Peers receiving this probe search their own graphs and may respond with relevant fragments.
This mechanism enables distributed learning without hallucination.
⸻
Required Documentation Corrections
DESIGN.md must clearly describe:
• HIPPOCAMPUS ingestion architecture
• medoid discovery
• Metroid construction
• Matryoshka dimensional unwinding
• dialectical search
• knowledge gap detection
• P2P curiosity requests
The document must allow a new engineer to understand and implement the architecture correctly.
⸻
After DESIGN.md is corrected, ensure implementation phases match the architecture.
Verify that the plan includes:
• MetroidBuilder component
• dimensional unwinding search
• antithesis discovery
• centroid stabilization
• knowledge gap detection
• P2P curiosity broadcasting
Restructure phases if necessary.
⸻
Perform a full repository review and identify where implementation diverges from the architecture.
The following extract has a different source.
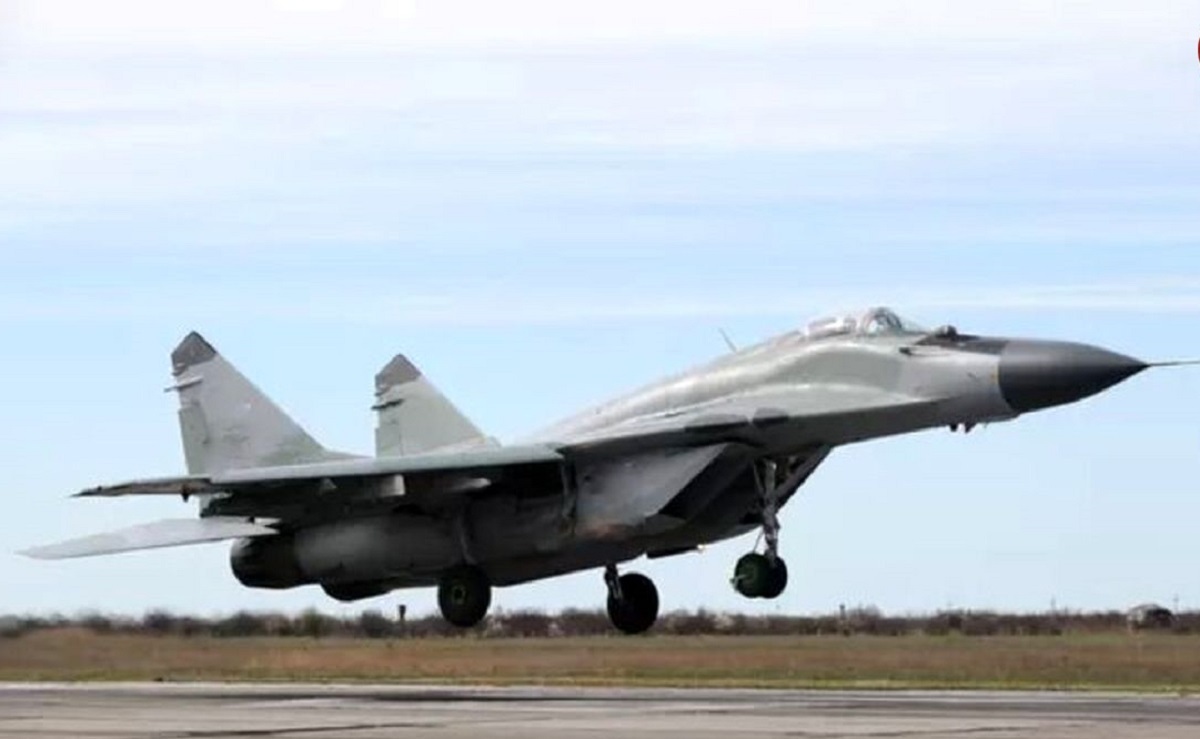 انتقال یک جنگنده روسی از وسط خیابانی در مسکو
For each divergence provide:
• file
• component
• current behavior
• intended behavior
• required correction
Do not modify code during this pass.
⸻
Ensure TODO tasks align with the corrected architecture.
Include tasks for:
• MetroidBuilder implementation
• Matryoshka search logic
• dialectical search pipeline
• knowledge gap detection
• P2P curiosity requests
• DAYDREAMER consolidation tasks
⸻
Expected Deliverables
Produce the following artifacts:
1. Corrected DESIGN.md
2. Updated PLAN.md
3. Repository-wide architectural review report
4. Updated TODO.md
No code changes should be committed during this task.
⸻
Goal
Restore architectural fidelity so CORTEX functions as a distributed epistemic memory system capable of dialectical knowledge exploration and collaborative learning, rather than a simple vector retrieval engine.